Na ficção, de acordo com nossos valores éticos e morais, vamos nos afeiçoando a determinados personagens e identificando quem são os vilões e quem são as vítimas. Sabemos de antemão que o autor sempre dará um jeito de resgatar as vítimas injustiçadas, fazer com que elas vinguem seus algozes e tudo se desembocará num final feliz, com risos e muita emoção.

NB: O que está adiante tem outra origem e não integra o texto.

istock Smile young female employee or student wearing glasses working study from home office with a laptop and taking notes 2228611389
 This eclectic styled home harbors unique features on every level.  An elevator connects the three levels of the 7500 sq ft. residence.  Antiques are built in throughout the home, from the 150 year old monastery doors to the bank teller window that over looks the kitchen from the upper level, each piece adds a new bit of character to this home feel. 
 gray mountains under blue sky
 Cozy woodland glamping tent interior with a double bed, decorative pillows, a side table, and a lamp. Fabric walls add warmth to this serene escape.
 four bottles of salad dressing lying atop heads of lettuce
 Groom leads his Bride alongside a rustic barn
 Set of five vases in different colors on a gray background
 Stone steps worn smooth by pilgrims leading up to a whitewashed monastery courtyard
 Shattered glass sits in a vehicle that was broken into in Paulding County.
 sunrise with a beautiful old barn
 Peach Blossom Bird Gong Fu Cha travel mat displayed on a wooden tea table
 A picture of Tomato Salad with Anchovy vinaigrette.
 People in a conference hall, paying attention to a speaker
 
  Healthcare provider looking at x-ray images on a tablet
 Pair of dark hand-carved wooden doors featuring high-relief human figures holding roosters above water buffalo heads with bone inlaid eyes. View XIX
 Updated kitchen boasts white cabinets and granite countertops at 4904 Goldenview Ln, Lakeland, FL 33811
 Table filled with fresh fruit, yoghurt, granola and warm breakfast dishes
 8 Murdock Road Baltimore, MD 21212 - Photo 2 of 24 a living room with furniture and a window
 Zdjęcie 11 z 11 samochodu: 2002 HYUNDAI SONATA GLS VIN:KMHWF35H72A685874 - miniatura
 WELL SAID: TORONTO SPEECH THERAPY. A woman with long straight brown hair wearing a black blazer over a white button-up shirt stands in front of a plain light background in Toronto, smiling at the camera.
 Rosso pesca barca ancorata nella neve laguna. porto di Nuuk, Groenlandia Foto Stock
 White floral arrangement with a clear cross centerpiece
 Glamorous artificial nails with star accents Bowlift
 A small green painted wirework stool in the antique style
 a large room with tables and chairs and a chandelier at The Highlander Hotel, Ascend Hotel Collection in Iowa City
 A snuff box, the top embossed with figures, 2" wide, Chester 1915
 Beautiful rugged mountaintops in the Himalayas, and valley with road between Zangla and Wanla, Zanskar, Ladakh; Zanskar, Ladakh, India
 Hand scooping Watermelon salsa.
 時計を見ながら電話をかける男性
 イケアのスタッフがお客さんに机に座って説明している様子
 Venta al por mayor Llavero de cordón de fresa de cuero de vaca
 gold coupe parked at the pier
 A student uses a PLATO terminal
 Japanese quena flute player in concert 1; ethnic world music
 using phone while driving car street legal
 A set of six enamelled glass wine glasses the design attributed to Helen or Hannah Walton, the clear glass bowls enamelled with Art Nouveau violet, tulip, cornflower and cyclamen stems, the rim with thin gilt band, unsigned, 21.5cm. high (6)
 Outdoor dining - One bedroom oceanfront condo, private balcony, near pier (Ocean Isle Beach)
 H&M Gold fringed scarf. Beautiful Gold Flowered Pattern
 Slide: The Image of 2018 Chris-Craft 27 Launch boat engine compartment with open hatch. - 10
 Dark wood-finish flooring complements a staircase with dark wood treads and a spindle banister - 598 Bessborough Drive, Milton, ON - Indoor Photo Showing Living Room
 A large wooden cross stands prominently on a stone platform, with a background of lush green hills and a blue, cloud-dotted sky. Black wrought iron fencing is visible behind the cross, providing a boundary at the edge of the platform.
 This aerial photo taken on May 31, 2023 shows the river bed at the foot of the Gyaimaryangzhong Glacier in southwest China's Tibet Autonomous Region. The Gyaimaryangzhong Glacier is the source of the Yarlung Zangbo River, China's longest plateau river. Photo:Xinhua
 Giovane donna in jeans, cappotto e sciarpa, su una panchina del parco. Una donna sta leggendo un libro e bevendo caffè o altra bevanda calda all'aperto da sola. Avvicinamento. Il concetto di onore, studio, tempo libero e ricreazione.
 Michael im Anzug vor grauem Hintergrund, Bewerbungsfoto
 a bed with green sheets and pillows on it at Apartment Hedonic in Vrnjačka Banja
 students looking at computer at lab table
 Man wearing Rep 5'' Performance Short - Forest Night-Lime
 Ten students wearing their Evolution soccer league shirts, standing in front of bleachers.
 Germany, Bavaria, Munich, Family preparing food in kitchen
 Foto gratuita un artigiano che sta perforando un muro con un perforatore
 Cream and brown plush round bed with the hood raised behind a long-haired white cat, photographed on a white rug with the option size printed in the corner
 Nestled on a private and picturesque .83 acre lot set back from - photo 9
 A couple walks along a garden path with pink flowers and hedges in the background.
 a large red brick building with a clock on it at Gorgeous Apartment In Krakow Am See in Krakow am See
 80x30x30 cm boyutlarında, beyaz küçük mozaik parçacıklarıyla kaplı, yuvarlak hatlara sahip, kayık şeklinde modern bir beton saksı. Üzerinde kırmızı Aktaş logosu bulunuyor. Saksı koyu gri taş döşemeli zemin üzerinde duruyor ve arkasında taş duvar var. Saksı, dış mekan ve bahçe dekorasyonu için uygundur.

Na novela da vida real não há roteiro pré-determinado. Os fatos vão se desenrolando e a cada capítulo uma surpresa ou manobra pode ocorrer, mudando o curso da história em variadas graduações. Se acompanhamos os fatos políticos com atenção, de acordo com nossas convicções, vamos nos afeiçoando a uns e nos enfurecendo com outros, assim como ocorre na ficção.
A diferença fundamental entre a novela de ficção e a vida real é que, na ficção, seja qual for o desfecho do capítulo ou mesmo do episódio final, nada mudará em nossa vida. Desligaremos a televisão com a certeza de que no dia seguinte nossa vida continuará totalmente alheia aos fatos ocorridos na novela.
Já na vida real, uma conversa grampeada numa investigação e tornada pública pode balançar o mercado financeiro, quebrar empresas, aumentar o desemprego, a inflação e tornar o país mais instável, o que afeta de verdade o nosso salário, nossa segurança, nossa estabilidade emocional, nos deixa mais preocupados com o futuro e isso tudo nos rouba a paz.
Numa democracia, o povo não escreve o roteiro, mas tem responsabilidade primordial na escolha dos atores que vão atuar em seus papéis. Conhecendo portanto as características pessoais, morais, administrativas e políticas de cada ator, poderemos fazer melhores escolhas para a história a ser contada nos anos seguintes.
Os inúmeros casos de corrupção que temos visto atualmente são frutos de escolhas às cegas que fizemos no passado, em que demos legitimidade e responsabilidade a atores que só queriam engordar o seu próprio cachê, mesmo que isso representasse incorporar um vilão em pele de mocinho.